*PROVIDED MATERIAL*.
↓↓↓

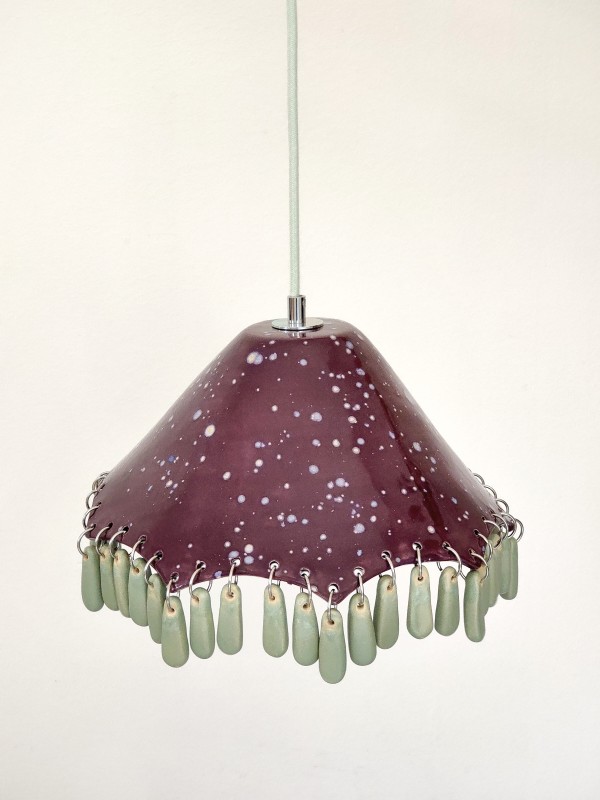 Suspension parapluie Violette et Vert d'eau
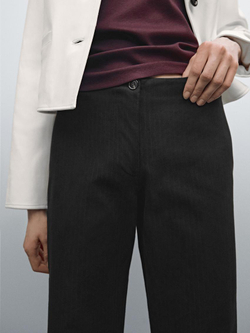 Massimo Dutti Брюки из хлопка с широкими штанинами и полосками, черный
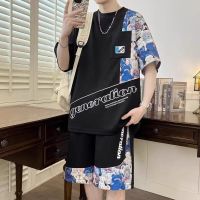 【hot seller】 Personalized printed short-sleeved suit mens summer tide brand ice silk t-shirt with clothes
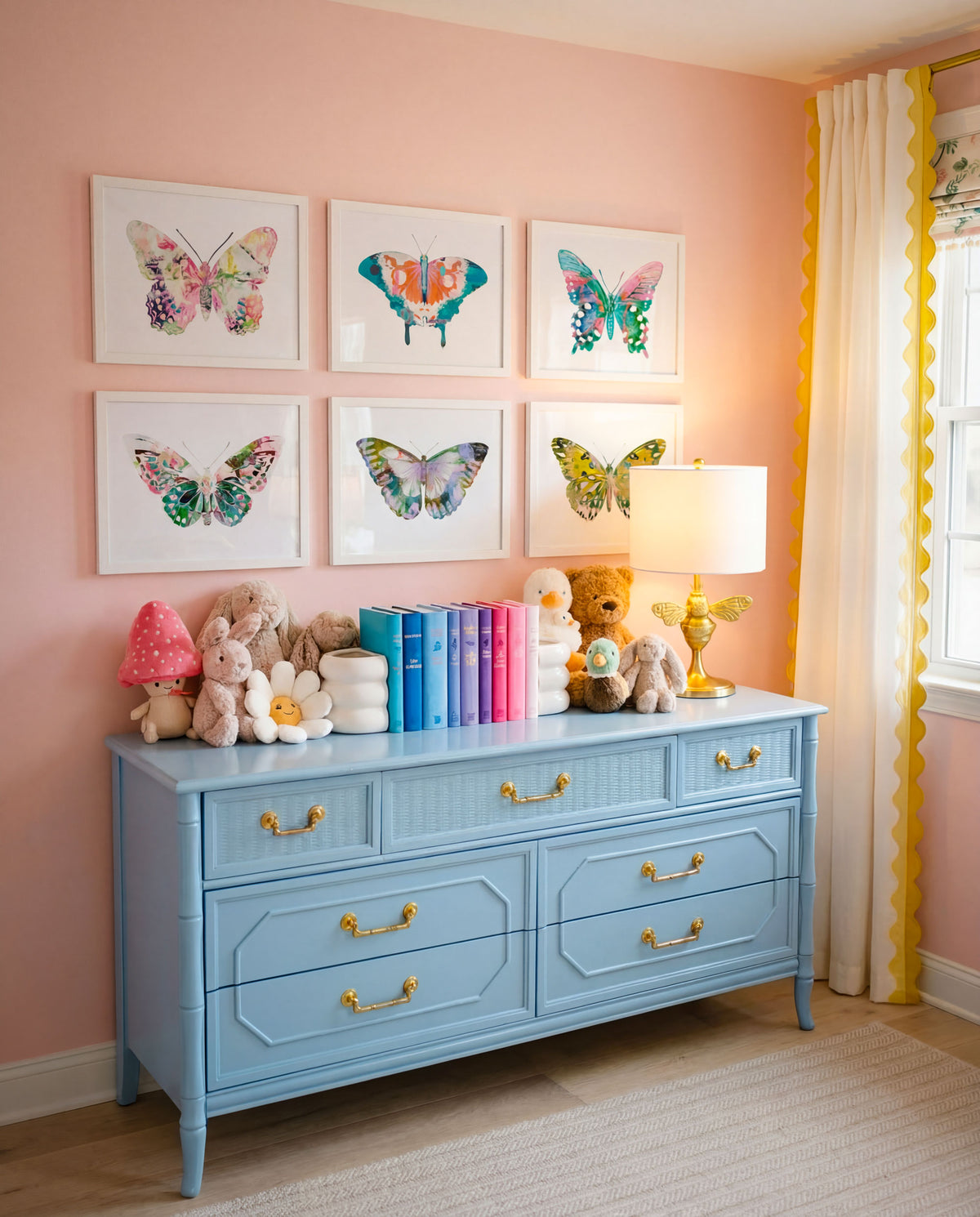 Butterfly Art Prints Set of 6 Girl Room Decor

↑↑↑
↓↓↓

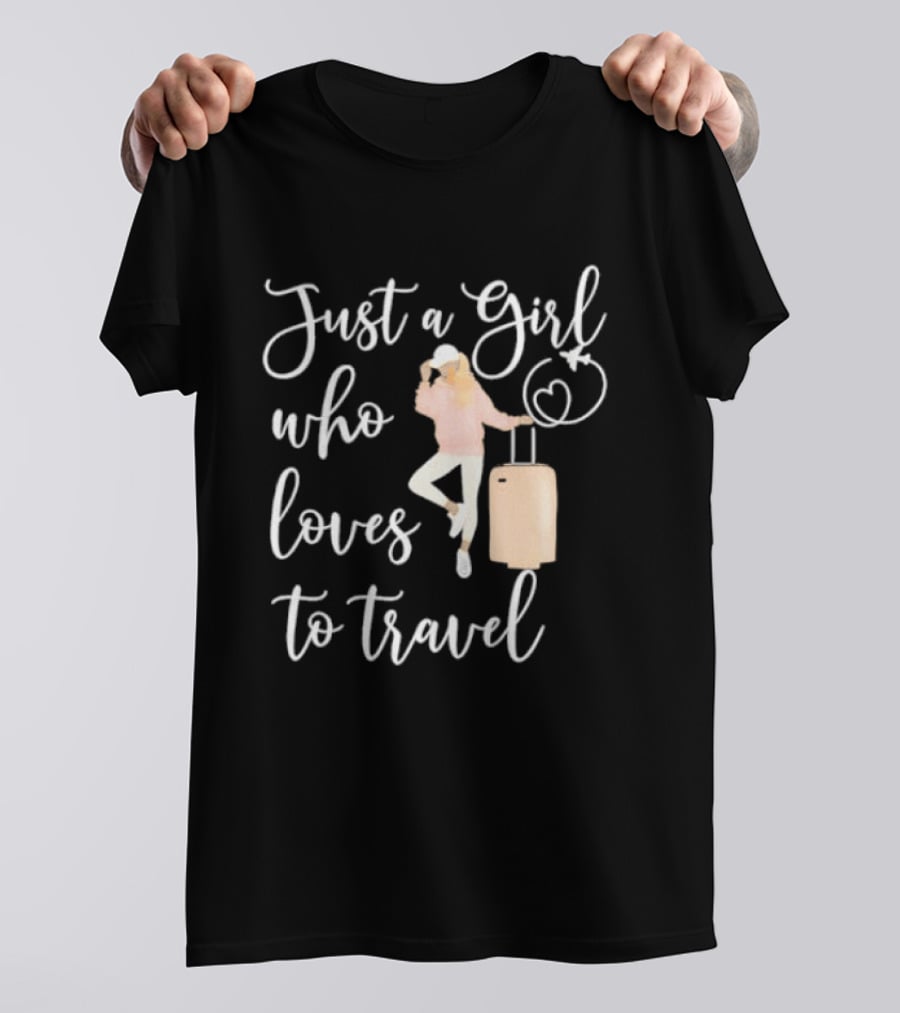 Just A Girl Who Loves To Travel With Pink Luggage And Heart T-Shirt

↑↑↑
↓↓↓

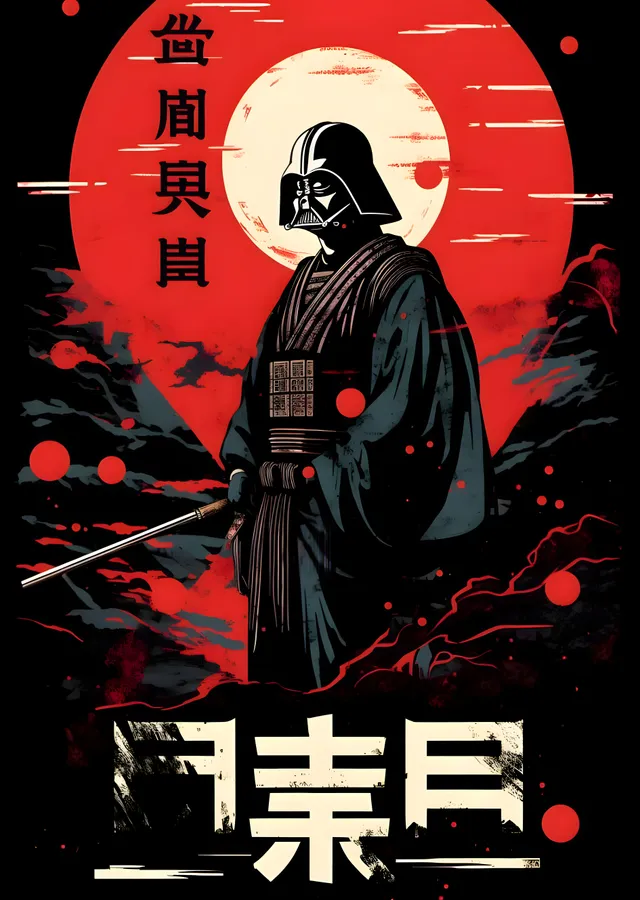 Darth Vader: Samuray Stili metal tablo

↑↑↑

*WHAT THE TASK ASKS*. Give again the stretch of the entries above that begins at the line with "Suspension parapluie Violette et Vert d'eau" and ends at the line with "t-shirt with clothes", word for word, with no pictures.

*EXERCISE OUTPUT*.
 Suspension parapluie Violette et Vert d'eau
 Massimo Dutti Брюки из хлопка с широкими штанинами и полосками, черный
 【hot seller】 Personalized printed short-sleeved suit mens summer tide brand ice silk t-shirt with clothes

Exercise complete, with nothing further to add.